OUTCOME OF MESHPLASTY V/S HERNIORRAPHY IN INGUINAL HERNIA REPAIR IN A TERTIARY CARE INSTITUTE-A PROSPECTIVE STUDY

Author:

Kasthuri Vinay Kumar1,J.Chawada Meghraj2,B.Birajdar Pushkaraj3

Affiliation:

1. Senior Resident in surgeryVDGMC,Latur.

2. Associate Professor in surgery,VDGMC,Latur

3. Assistant professor in surgery,VDGMC,Latur.

Abstract

A hernia is defined as a protrusion, bulge, or projection of an organ or a part of an organ through the body wall that normally contains it.There is still very limited evidence regarding prevalence, particularly in low-income countries, but hernia repair is an extremely common general surgical procedure. The current hospital based prospective study was conducted among 102 patients, 51 participants enrolled in Mesh repair and 51 for Herniorrhaphy presenting to the Department of General Surgery at tertiary health care institute. with objectives to study the hernia repair with mesh versus without mesh.
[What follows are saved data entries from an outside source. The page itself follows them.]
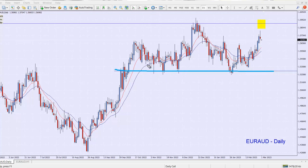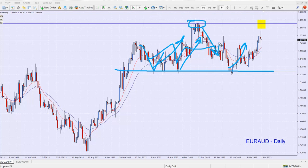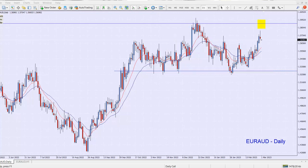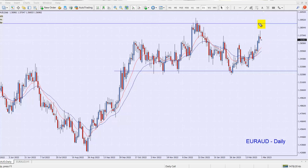Looking at this chart, I've already marked in some zones. There's a clear floor level where there's a lot of noise, but the market has been bouncing off this level. On the other side, there's one clear point where the market has bounced back. It's not quite a channel yet — for a true channel we need two points on each side. If the market comes to this point and bounces back, then we can say it truly is a channel.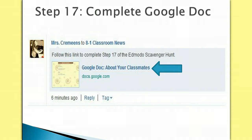Another cool thing it can do is create a form that allows you to turn in your homework paperlessly. I created a quiz form using the statements that you guys created in our icebreaker activity, Two Truths and a Lie.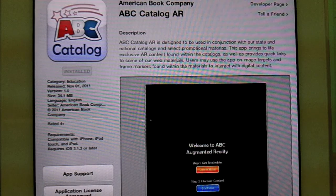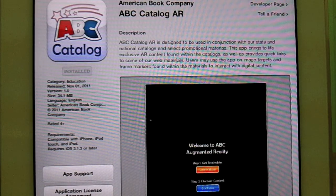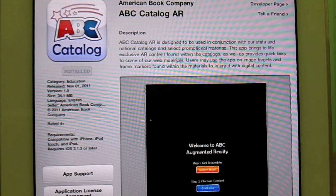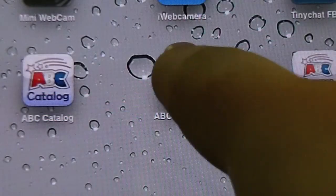The app is free with the purchase of a book. Once you have downloaded the app, click on it to start it up.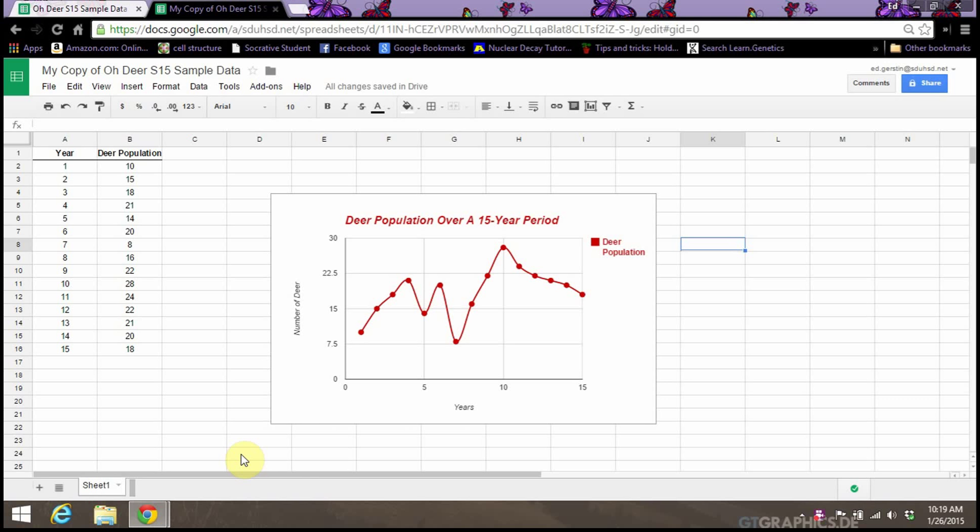Okay, so we're back. Took a little break there. We have our graph saved here. We created the graph, and it looks just the way we want it.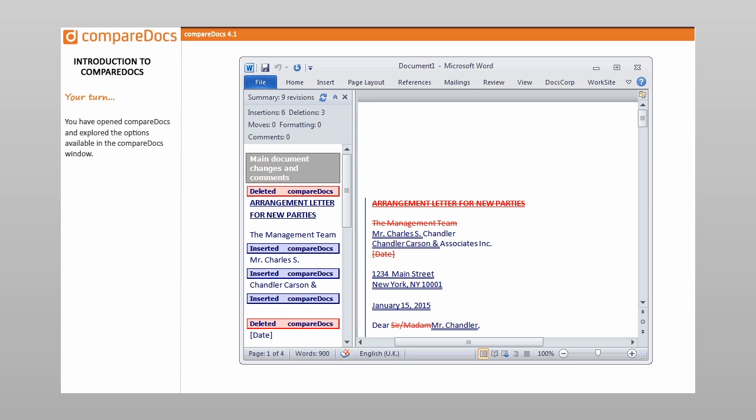Begin the comparison and display the comparison report in a new Word document. The comparison report opens in Word with Track Changes formatting. You have opened CompareDocs and explored the options available in the CompareDocs window. You have reached the end of this topic. Click the exit button on the navigation bar below to finish.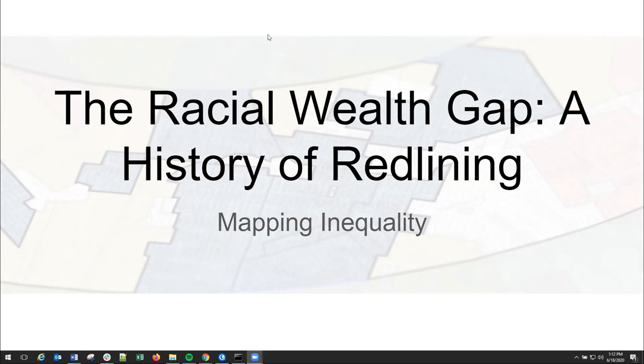Hello, my name is Justin Madrin. I work with the Digital Scholarship Lab. My role is a GIS project manager and I've been working on mapping inequality for around seven years now. In this video we're going to walk through one of our most popular projects at the Digital Scholarship Lab, mapping inequality, as well as some of our other projects that might be useful.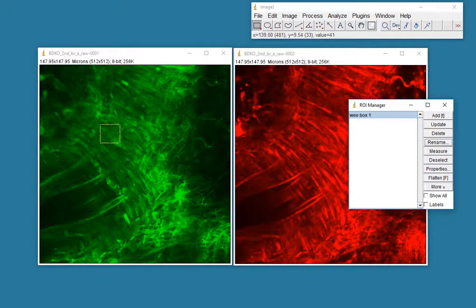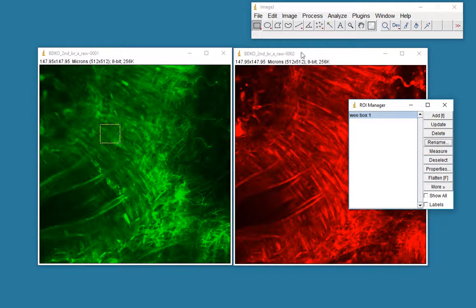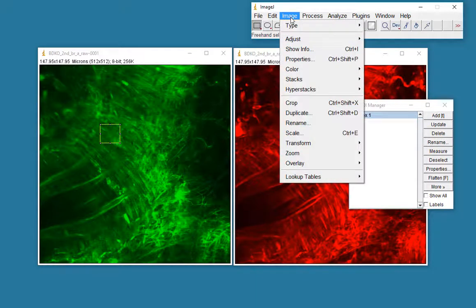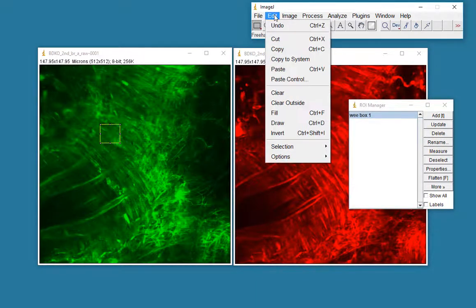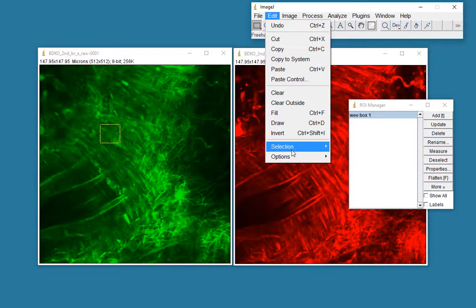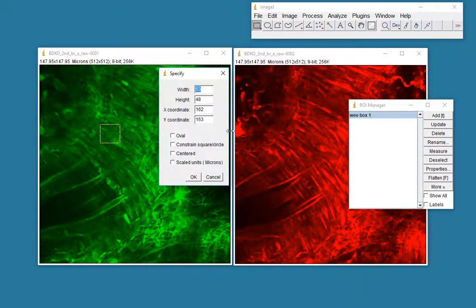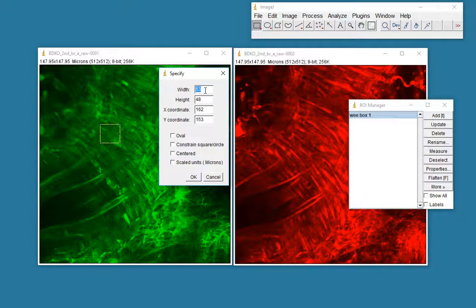Now, sometimes I might want to specify a specific size of a box. In that case, I need to find the specify option, which I think is in edit, selection, specify. And I'm going to here specify a box, which is, let's say, 100 by 100.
Outcomes like hernia recurrence, postoperative pain, duration of operation, postoperative hospital stay, time to return to activities of daily living & also to evaluate the benefits and complications of different inguinal hernia repair techniques in adults studied. Total 102 patients were considered between age group of 15 to 35 years for present study from Aug.2019 to Jan.2022,after applying inclusion and exclusion criteria. In each group 51 patients were operated.Majority of patients for mesh repair (70%) & tissue repair (60%) were belonged to 21-25 & 15 -20 years of age group respectively. Mean operation time for tissue repair (41.8 4.6) was more as compare to mesh repair (39.7 4.3).Outcome like post-operative stay, post-operative pain, days required for return to daily basic activities were significantly more for tissue repair as compared to mesh repair. In case of post-operative pain scale majority of mesh group will have chronic pain compared with Tissue repair group. Hematoma & urinary retention were statistically more significant in tissue repair (p<0.05).Wound infections,seroma,recurrence,reduced testicular perfusion,reduced sperm count were more in mesh repair as compare to tissue repair out of that only seroma shows significant in mesh repair . Concluded that the tissue repairs does not use a mesh, this makes tissue repair cost effective. Postoperative pain is significantly less initially with Mesh repair but increased on day 7 and chronic pain is seen with mesh repair but is not significant statistically. Most of the complications between 2 groups are not statistically significant except for seroma significant in mesh repair,hematoma and urinary retention significant in tissue repair.